University of Virginia professor Larry Sabato explains that America’s political landscape is like playing with 50 pieces of a complicated puzzle: “There are thousands of potential combinations of electoral votes, with over 80 ways the Electoral College can tie, and about 30 reasonable combinations that produce a tie.”
Sabato says that if Obama is losing Pennsylvania going into November, it will be a bad sign for his candidacy. “That would suggest that other, even more competitive states may be going to the Republicans.”
Pennsylvania has grown comfortable in her role as a battleground state. A high-roller in both the 2000 and 2004 general elections, the Keystone State became the center of the political universe this spring with the unprecedented six-week primary race between Obama and Hillary Clinton.
Clinton won on sheer political tenacity and a lot of sideline heavy-lifting by Gov. Ed Rendell’s political machine. Of the state’s 67 counties, Obama won just seven.
“One of the main reasons that Barack Obama did not do well here in the primary is that he is a ‘change’ candidate and we just don’t embrace change,” says Philadelphia Democratic analyst Larry Ceisler.
Ceisler, a Western Pennsylvania native, says most Pennsylvanians are born and die in the state and, “even if we lose our jobs, we stay here.”
He says Obama faces some obstacles among state machine politicians. For example, “he did not play the street-money game in Philadelphia and there is resentment for that. … He probably did not get a good black vote because of that.”
Ceisler says Obama's map to winning the state is the same map that any Democrat uses: “Roll up big numbers in the city of Philadelphia and just not get your head handed to you in Western Pennsylvania and the rest of the state.”
“McCain is going to be extremely competitive in Pennsylvania,” he warns. “I think from a personality standpoint, he is going to play very well.”
McCain’s potential challenges here will be the same that they are in every rust-belt battleground: his economic message, his position on the war, and George Bush as baggage.
Oddly, McCain’s age works for him in Pennsylvania; lots of older voters will be happy to support his candidacy rather than risk someone younger.
The key for McCain is to win over Clinton Democrats from the primary as well as to maximize turnout among Republicans and pro-McCain coalitions.
He needs geographical voting blocs to go his way, too. He must win the traditionally conservative “T” across the top of the state and down the center – but he also must “corner” Obama, meaning a four-corner strategy of wins in Erie (the northwest), Allegheny, Washington and Westmoreland counties (the southwest), Scranton, Lackawanna, Luzerne and Wilkes-Barre (the northeast) and Bucks County (the southeast).

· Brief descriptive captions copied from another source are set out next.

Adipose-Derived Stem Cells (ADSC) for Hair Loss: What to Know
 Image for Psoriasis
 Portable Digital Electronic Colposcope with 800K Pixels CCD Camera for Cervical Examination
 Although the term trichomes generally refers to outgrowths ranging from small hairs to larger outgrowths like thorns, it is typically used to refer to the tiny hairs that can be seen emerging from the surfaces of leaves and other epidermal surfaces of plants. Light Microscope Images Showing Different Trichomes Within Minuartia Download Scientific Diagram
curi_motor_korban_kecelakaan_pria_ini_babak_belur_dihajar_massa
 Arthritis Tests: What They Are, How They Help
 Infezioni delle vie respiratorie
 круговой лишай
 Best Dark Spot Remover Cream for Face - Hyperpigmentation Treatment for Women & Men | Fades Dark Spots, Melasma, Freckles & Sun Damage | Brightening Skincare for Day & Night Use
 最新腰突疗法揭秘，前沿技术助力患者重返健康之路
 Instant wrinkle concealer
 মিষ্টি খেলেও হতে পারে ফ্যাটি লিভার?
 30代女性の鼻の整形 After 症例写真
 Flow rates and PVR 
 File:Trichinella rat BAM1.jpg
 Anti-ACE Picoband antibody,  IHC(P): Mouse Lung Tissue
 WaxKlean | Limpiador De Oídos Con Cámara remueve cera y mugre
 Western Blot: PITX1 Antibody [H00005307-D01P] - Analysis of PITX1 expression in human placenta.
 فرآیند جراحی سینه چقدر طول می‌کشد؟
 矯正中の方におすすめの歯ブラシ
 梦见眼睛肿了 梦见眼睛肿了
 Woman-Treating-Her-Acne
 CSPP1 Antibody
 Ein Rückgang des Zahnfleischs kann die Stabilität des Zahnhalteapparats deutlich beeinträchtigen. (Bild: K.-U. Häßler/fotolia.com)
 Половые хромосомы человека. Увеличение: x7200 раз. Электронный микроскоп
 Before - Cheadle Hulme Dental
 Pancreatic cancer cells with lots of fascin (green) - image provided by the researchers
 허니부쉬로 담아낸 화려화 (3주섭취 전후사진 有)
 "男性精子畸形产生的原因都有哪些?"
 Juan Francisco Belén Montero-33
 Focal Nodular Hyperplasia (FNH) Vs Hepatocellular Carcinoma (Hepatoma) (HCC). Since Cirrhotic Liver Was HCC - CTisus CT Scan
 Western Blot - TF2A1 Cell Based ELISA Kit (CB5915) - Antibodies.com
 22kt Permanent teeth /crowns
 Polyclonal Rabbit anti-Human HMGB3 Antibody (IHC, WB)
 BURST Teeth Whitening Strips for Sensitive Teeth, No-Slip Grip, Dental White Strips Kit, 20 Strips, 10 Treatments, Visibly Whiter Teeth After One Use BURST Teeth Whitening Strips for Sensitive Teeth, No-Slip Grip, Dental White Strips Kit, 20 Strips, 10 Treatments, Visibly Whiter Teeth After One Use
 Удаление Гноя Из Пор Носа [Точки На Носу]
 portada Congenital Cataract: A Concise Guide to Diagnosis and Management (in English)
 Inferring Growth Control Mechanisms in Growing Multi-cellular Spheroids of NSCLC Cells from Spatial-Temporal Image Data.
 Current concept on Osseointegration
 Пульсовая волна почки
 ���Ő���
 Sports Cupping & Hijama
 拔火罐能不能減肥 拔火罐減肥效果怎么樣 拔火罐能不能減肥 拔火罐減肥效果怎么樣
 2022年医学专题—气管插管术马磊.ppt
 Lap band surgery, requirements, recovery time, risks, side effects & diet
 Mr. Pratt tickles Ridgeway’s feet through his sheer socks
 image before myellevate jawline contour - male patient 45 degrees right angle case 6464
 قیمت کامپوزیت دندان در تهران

If he can box Obama in those regions, he’ll win Pennsylvania and the White House.
Ceisler cautions that Democrats should not forget “the Ridge factor” – former two-term Republican governor Tom Ridge, considered a hometown boy from Erie down to Allegheny County – “even if he is not on the ticket.”
Ceisler, Lebo and Sabato all agree that while it is not impossible for Obama to win without Pennsylvania, it will come down to how many red states turn blue, and whether they are enough to compensate.